Wild rice harvesting is made difficult by the absence of a clear line of travel across the stand. If maximum production is to be achieved, it is necessary to harvest the crop efficiently, which means covering the entire wild rice stand during the operation with the least possible overlap. Skilled operators are able to achieve this by:
- Organizing the harvest operation. The widely used practice is to start at one end of the stand and continue to harvest back and forth until the entire area has been covered. This method allows the operator to establish a reliable line of reference, partly because the plants recently harvested are still bent and wet, and also because he can recollect the last line of travel.
- Another indicator that will be useful to the harvester operator in determining whether the area has just been harvested is the difference in the colour of the grain: mature grain looks darker, brownish or blackish in colour; immature grain that is still left on the panicle will be paler, often greenish in colour.
Care of freshly harvested wild rice
Cleaning the rice
Before unloading the rice, leaves, broken panicles, stems and other debris should be removed. Only clean rice should be bagged.
Storing the rice
It is important to let the harvesting crew know what the crop is going to be used for and advise them on how it should be handled.
Wild rice intended for seed
Bagged rice intended for seed should be tied tightly and kept moist until it is seeded. If it is not going to be seeded immediately, it should be stored under water in a protected site. The bags should be well secured to prevent them from drifting away.

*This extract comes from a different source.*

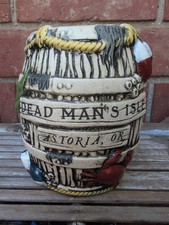 Munktiki Dead Man's Isle Debris Barrel Color Painted For Dead Man's Isle picture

Wild rice intended for processing
If rice is to be sold for processing, it should be delivered to the buying depot as soon as possible. If delivery is delayed, keep the bags open, standing up and in the shade. Wild rice can spoil rapidly if not handled properly. Spoiled rice should not be sent for processing.

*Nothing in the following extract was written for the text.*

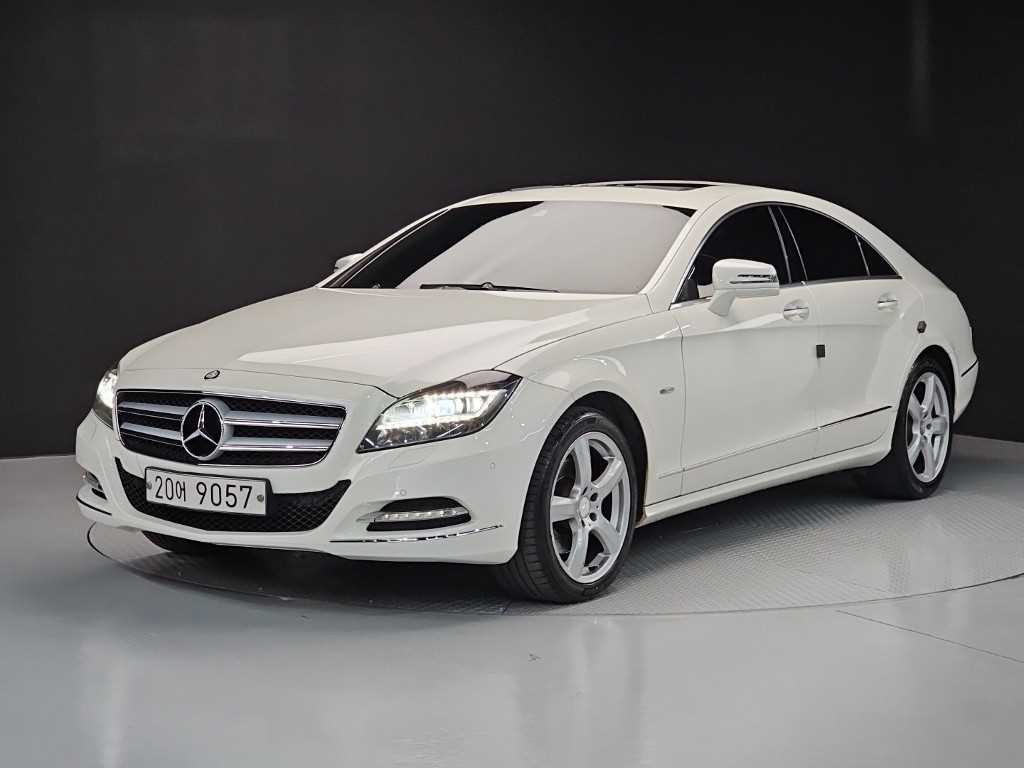 벤츠 CLS 클래스 CLS클래스 W218 CLS 350 블루이피션시 이미지 1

Calendar of events for the Wild Rice Crop Year in Saskatchewan
||Check water depth. Remove debris that obstructs water flow
||Changing water depth can be critical. Strong winds could seriously damage crop.

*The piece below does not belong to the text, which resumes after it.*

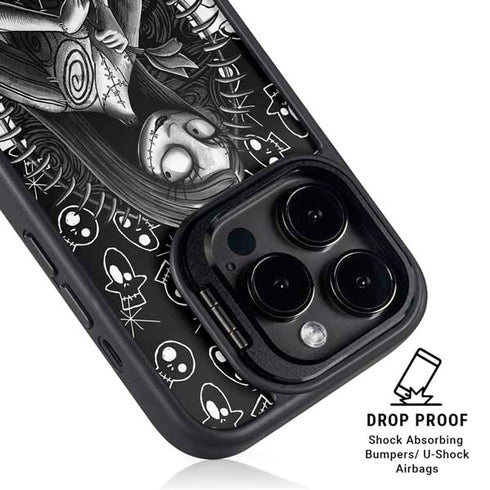 Disney The Nightmare Before Christmas Sally Art iPhone 14 Pro Kickstand Case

||Check uniformity of growth. Watch for wildlife that could damage the crop.
||Observe tiller development. High water levels may reduce tillering.
||Observe flower development. Uniform flowering is essential for a good crop.
Crop Insurance for Wild Rice
The Saskatchewan Crop Insurance Corporation (SCIC) has supported a wild rice crop insurance program since 2006. Coverage is based on the average production for the three wild rice production regions (Eastern, Central, and Western). Claims are triggered when the region reports annual production less than the average historical production, and is due to an insurable cause of loss, i.e. frost, wind, excessive rain, lightning, hurricane, tornado, insects, plant diseases or hail.